I wonder if in other places (galaxies and planets), the atoms could behave differently thus creating other forms of life. But I have no idea if that makes any sense.
> The cosmological principle is usually stated formally as 'Viewed on a sufficiently large scale, the properties of the universe are the same for all observers.' This amounts to the strongly philosophical statement that the part of the universe which we can see is a fair sample, and that the same physical laws apply throughout. In essence, this in a sense says that the universe is knowable and is playing fair with scientists.
There is no evidence that the nature of the electron or carbon atom is different in different parts of the universe. This would be detectable (if it was) by shifts in the spectral lines for atoms or differences in ratios of elements.
The law of gravity appears to be consistent throughout the observable universe. The physics of atoms and ratios associated with nucleosythesis have been shown to be consistent.
The constants of physics appear to remain constant over billions of years ( https://apod.nasa.gov/apod/ap050220.html - " Oklo by-products are being used today to probe the stability of the fundamental constants over cosmological time-scales" )
How do we know that distant galaxies are composed of matter rather than anti-matter? If equal quantities of each were produced in the big bang, might not some parts of the universe contain primarily matter and other parts primarily anti-matter? - https://www.scientificamerican.com/article/how-do-we-know-th...

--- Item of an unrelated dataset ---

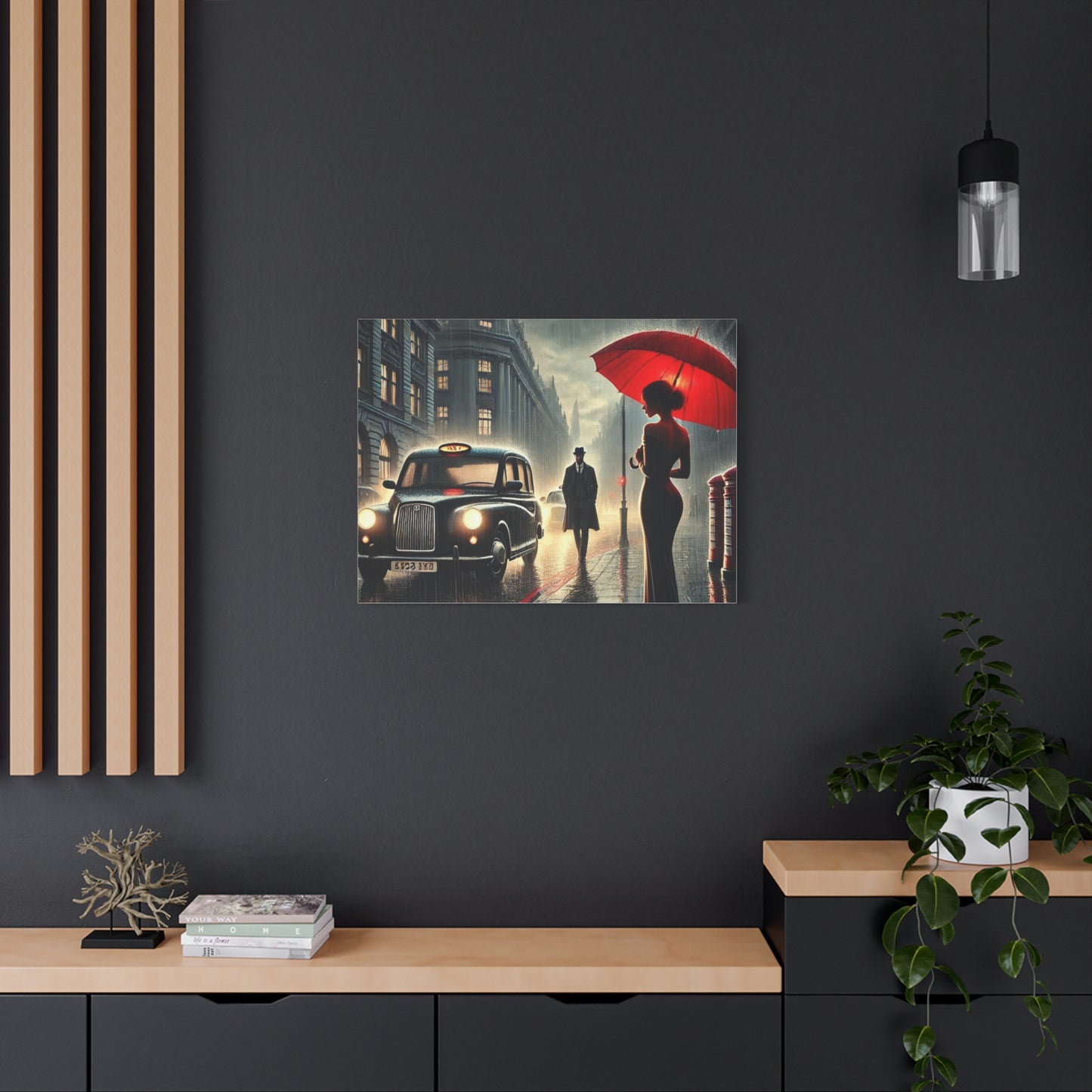 Rainy Night Romance Canvas Print — Woman with Red Umbrella Street Scene London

Maybe one could speculate about a white dwarf star, cooled down to room temperature over astronomical eons, with some sort of life then evolving on its extremely magnetized surface. Its laws of chemistry would work differently.
Chemistry is somewhat environment- and temperature-dependent, but there's no other element that behaves like carbon in any known conditions.
Carbon's chemistry comes from three major factors:
(1) It forms four bonds readily.
(2) It can form double- and triple-bonds readily.
(3) It bonds strongly to itself in a configuration that allows it to form long chains.
(1) is satisfied by other elements in its column on the periodic table, but silicon (the next element down in its group) and the following members (germanium, tin, and lead) fail (2) and increasingly (3). Silicon will form chains, but is reluctant to form double bonds; in general, double bonds become weaker for atoms further down the table. Silicon (and silicone, chains of Si-O bonds) are the most promising analogs but they have a lot of problems.
(2) is satisfied by most other light nonmetals, but those nonmetals mostly fail (3) and almost all fail (1).
The highly-electronegative oxygen doesn't really want to bond with itself (failing 3) and almost always takes a -2 oxidation state (failing 1).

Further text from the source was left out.